• **Requirement**
Reproduce the lines below exactly, from the one containing "搭乘中歐班列，奔赴" through the one containing "部編版一年級下冊道德與法制《", both included. Leave out any pictures.

• **Listed entries**
----

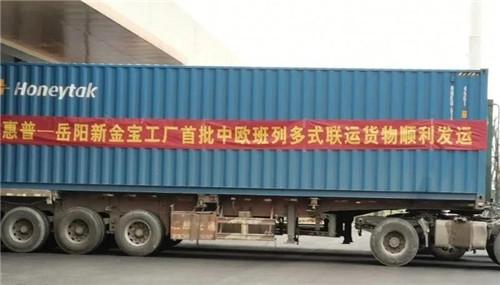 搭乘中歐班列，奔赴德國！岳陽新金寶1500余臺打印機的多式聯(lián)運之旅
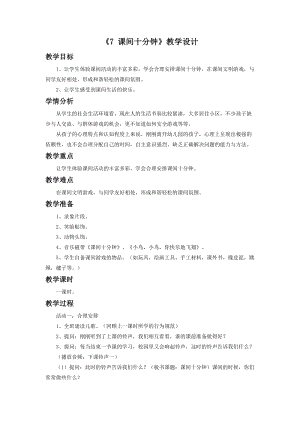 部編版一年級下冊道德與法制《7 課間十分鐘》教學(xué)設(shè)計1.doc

----

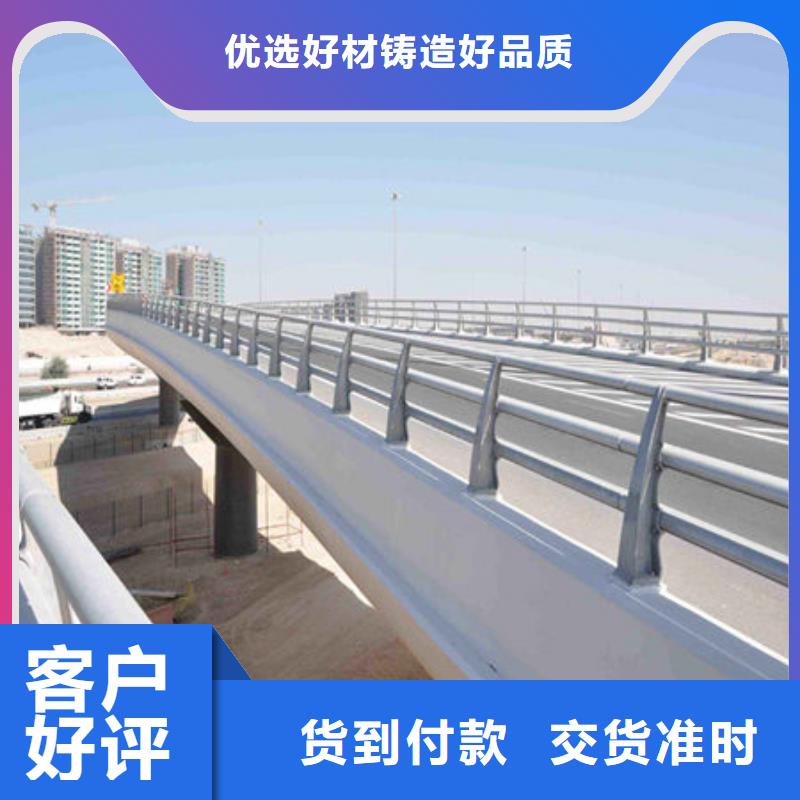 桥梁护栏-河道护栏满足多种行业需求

----

• **Answer area**
 搭乘中歐班列，奔赴德國！岳陽新金寶1500余臺打印機的多式聯(lián)運之旅
 部編版一年級下冊道德與法制《7 課間十分鐘》教學(xué)設(shè)計1.doc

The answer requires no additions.